- [Instructions for the task]
Print the data below exactly as it stands, and keep the pictures out.

- [Data below]
┌──

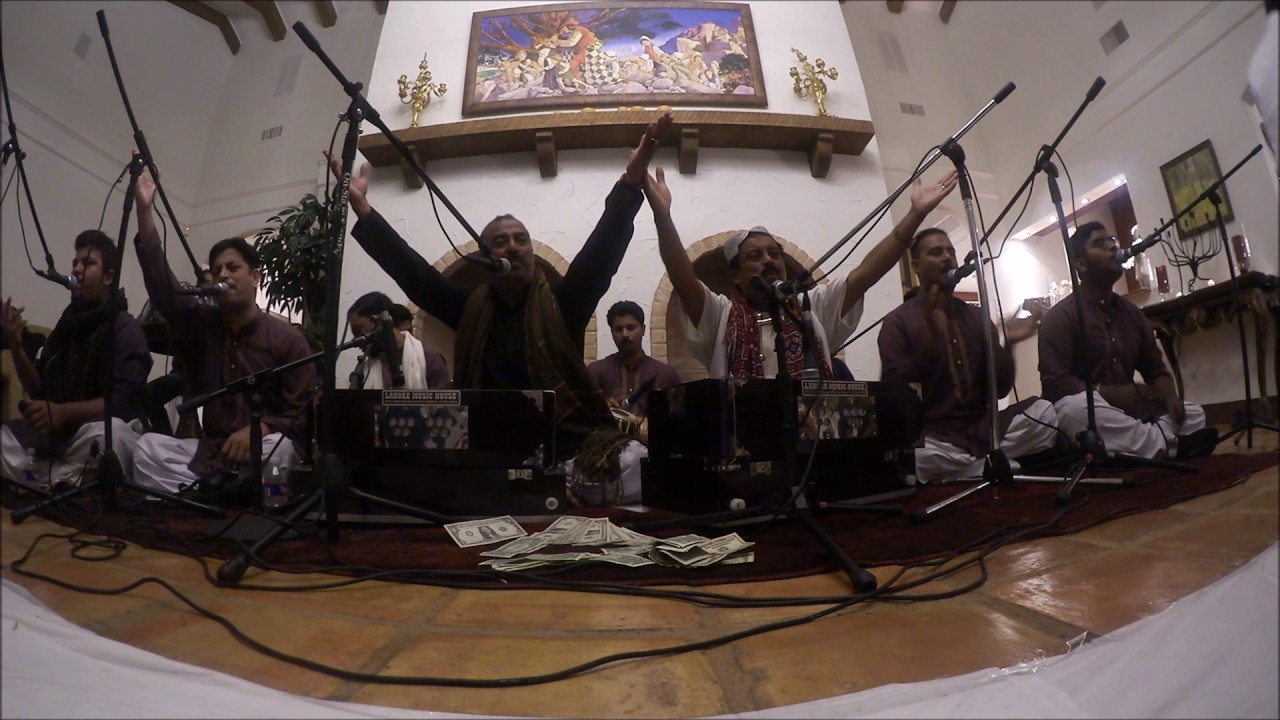 Qawwali - Tajdar E Haram - Fareed Ayaz - Abu Muhammad Qawwal & Party
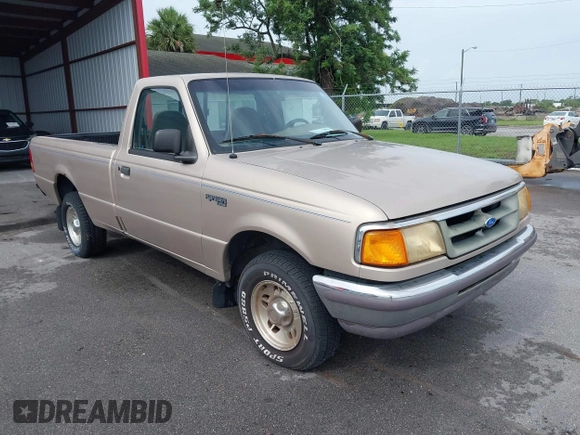 1997 Ford Ranger XLT with VIN 1FTCR10A9VUB20185, listed as a IAAI auction lot 42431034 with 198,098 mi miles and . Bid and sale history available at DreamBid. Image 1.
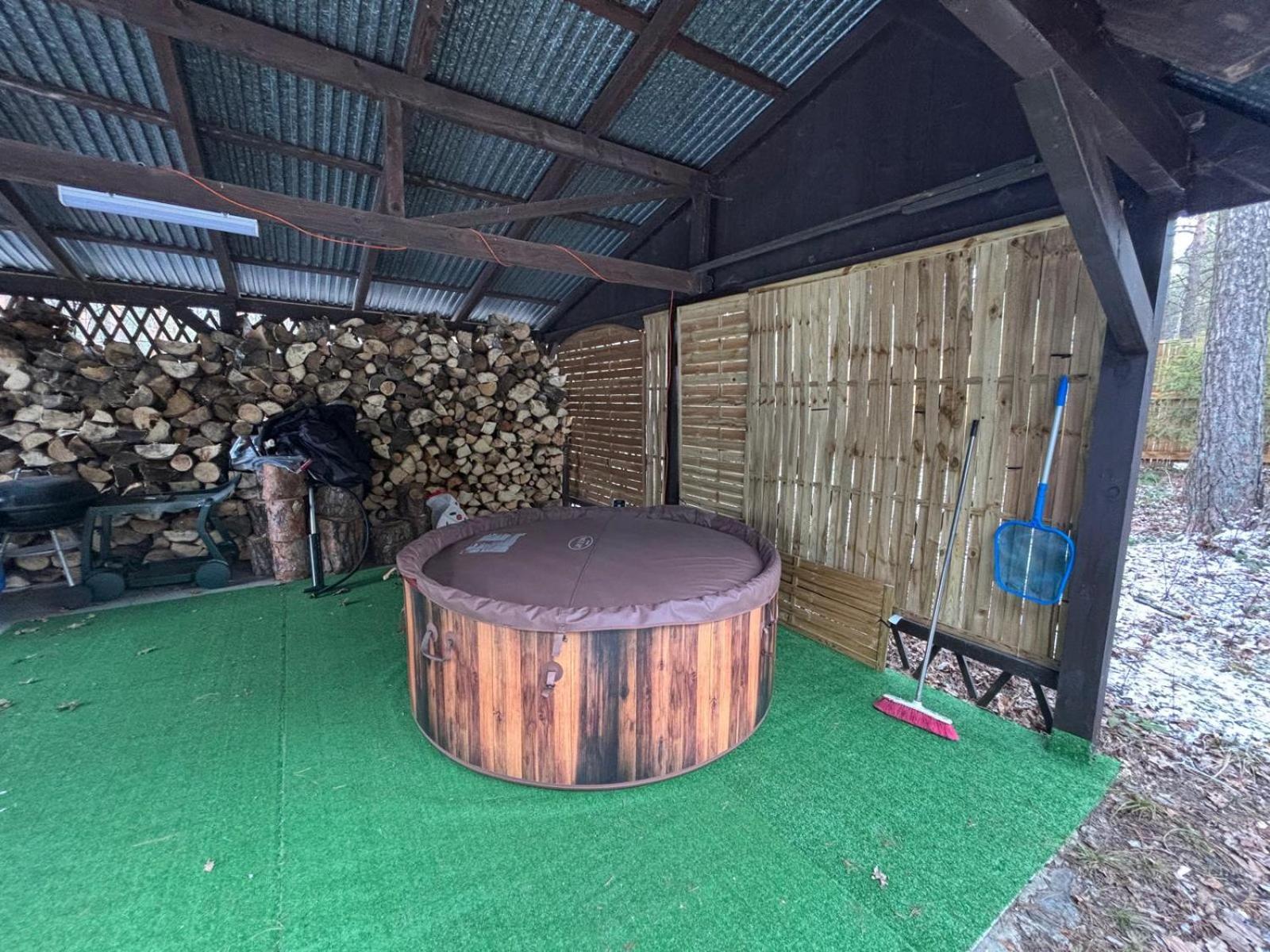 Sikorowka-sauna Jacuzzi-bizoreda Holiday home Kielce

└──

- [Response]
 Qawwali - Tajdar E Haram - Fareed Ayaz - Abu Muhammad Qawwal & Party
 1997 Ford Ranger XLT with VIN 1FTCR10A9VUB20185, listed as a IAAI auction lot 42431034 with 198,098 mi miles and . Bid and sale history available at DreamBid. Image 1.
 Sikorowka-sauna Jacuzzi-bizoreda Holiday home Kielce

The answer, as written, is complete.